If authentication fails, focus troubleshooting on Kerberos infrastructure, SPNs, and delegation settings between the domains.

Recommended Trust Repair Steps

Based on the troubleshooting details covered, here is a summary checklist of steps to resolve common domain trust issues in PowerShell:

  1. Run Get-ADTrust and check status/attributes on all trusts
  2. Confirm DNS records are configured properly between domains
  3. Verify site link objects and settings are correct
  4. Force replication between DCs with repadmin
  5. Check time sync with Get-Date and enable external NTP
  6. Review replication latency and optimize where needed
  7. Reset secure channel on trusts with Reset-ADTrust
  8. Resolve any invalid validation time problems
  9. Enable SID filtering if disabled
  10. Test authentication across the trust boundary

Methodically working through these steps will identify and resolve the most common issues with domain trusts. The PowerShell commands provide detailed data for analysis. Restore healthy domain relationships by correcting any problems found.

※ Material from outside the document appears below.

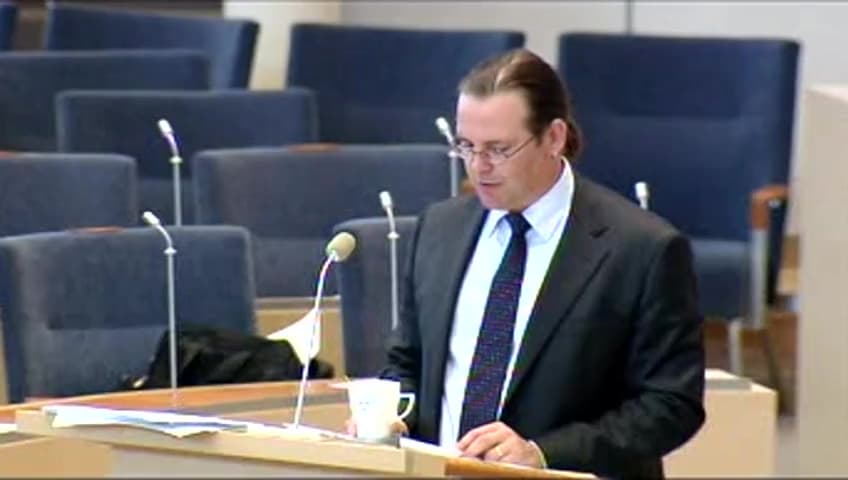 Stillbild från Interpellationsdebatt, Förändrade sociala avgifter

Advanced Domain Trust Repair

For more advanced or persistent trust issues, additional PowerShell techniques can help resolve difficult problems:

Force Removal of Stale Objects

Stale objects, like user or computer accounts, can disrupt trusts even after proper cleanup. The Remove-StaleADObject cmdlet forcibly deletes these objects from the domain:

Remove-StaleADObject -Server sourcedc -SearchBase DC=domain,DC=local

This scours AD and removes any stale objects that may be interfering with the trust.

Manually Reset Secure Channel

Resetting the secure channel with Reset-ADTrust may fail if the trust is severely broken. You can manually reset by deleting and recreating the computer objects:

Remove-ADObject -Identity "CN=SOURCEDC,CN=Computers,DC=sourcedomain,DC=local"
Remove-ADObject -Identity "CN=TARGETDC,CN=Computers,DC=targetdomain,DC=local"

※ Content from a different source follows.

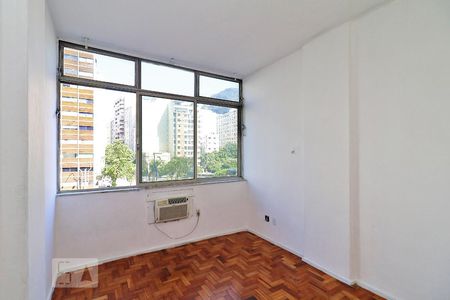 Quarto 2. de apartamento para alugar com 2 quartos, 70m² em Copacabana, Rio de Janeiro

This wipes the existing secure channel. Then trigger re-creation with:

Test-ComputerSecureChannel -Repair -Server sourcedc
Test-ComputerSecureChannel -Repair -Server targetdc 

This will establish a new secure channel with fresh computer objects.

Force Schema Sync

Schema mismatches between forests can sometimes break forest trusts. Initiate forced schema replication using:

repadmin /schema /aedsr:targetdcname /u:admindomain\username /pd:*

This pushes the schema from targetdc to the source domain, potentially resolving schema conflicts.

Rebuild Forest Root

As a last resort, completely rebuild the forest root domain to resolve persistent issues. This involves demoting the forest root DC and rebuilding it from scratch. All domains must be temporarily removed from the forest. This is complex but can clear problems if all else fails.


Maintaining healthy domain trust relationships in Active Directory is crucial for proper resource access and permissions between domains. Trusts can break or become compromised over time.

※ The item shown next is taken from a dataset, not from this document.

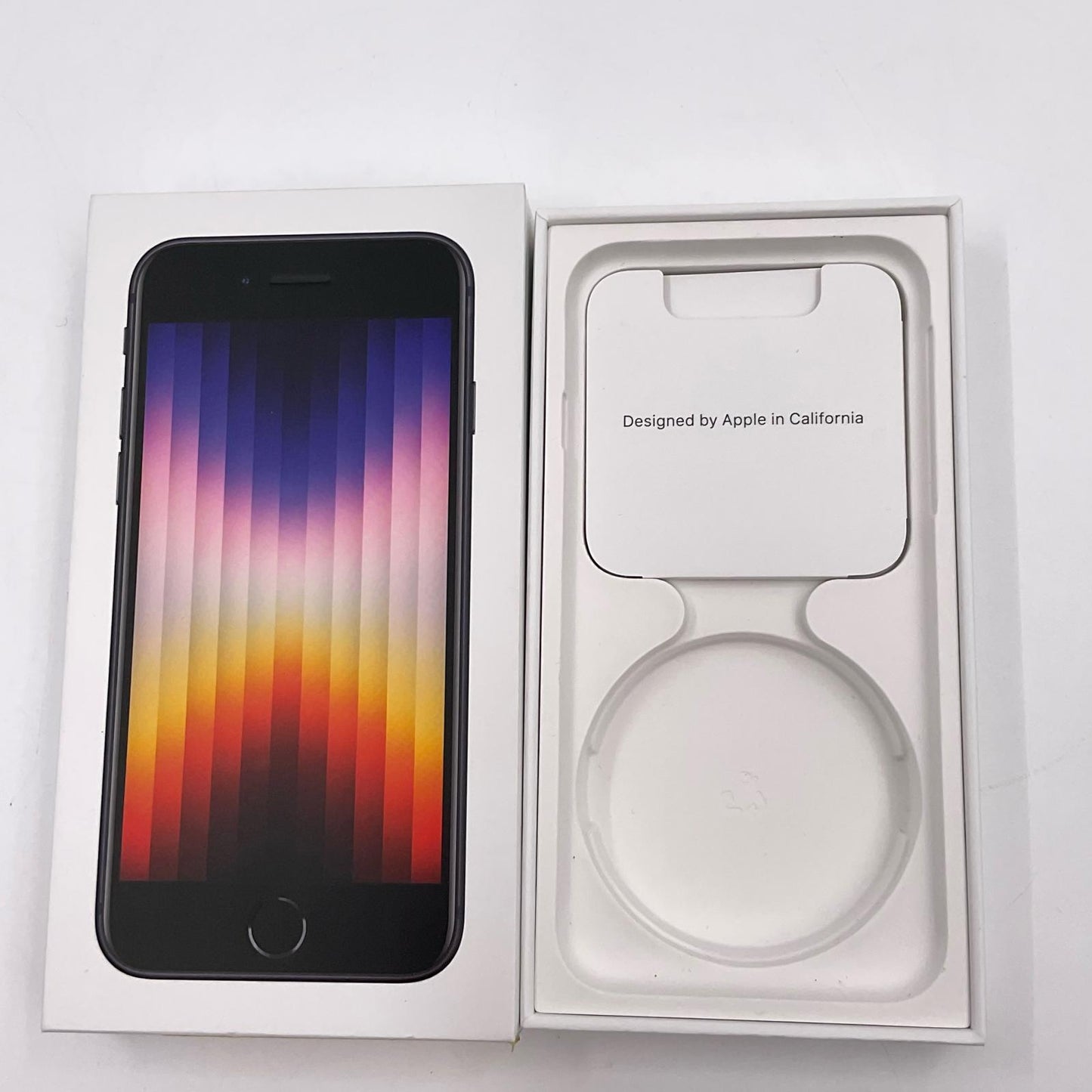 【全額返金保証】【最速発送】Apple iPhone iPhone SE（第3世代） 64GB ミッドナイト docomo 白ロム 動作確認済 72%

PowerShell provides powerful commands for managing trusts. Get-ADTrust, Reset-ADTrust, and other cmdlets expose detailed trust properties and allow resetting connections. This enables diagnosing and repairing broken trusts.

Focus troubleshooting on time sync, DNS, replication issues, and secure channel problems. Verify authentication functionality across trusts. Methodically address any discrepancies found. Apply advanced techniques like force resets if basic fixes are not sufficient.

With the proper administration approach using PowerShell, you can reliably maintain domain trust integrity and ensure proper cross-domain operations in your environment.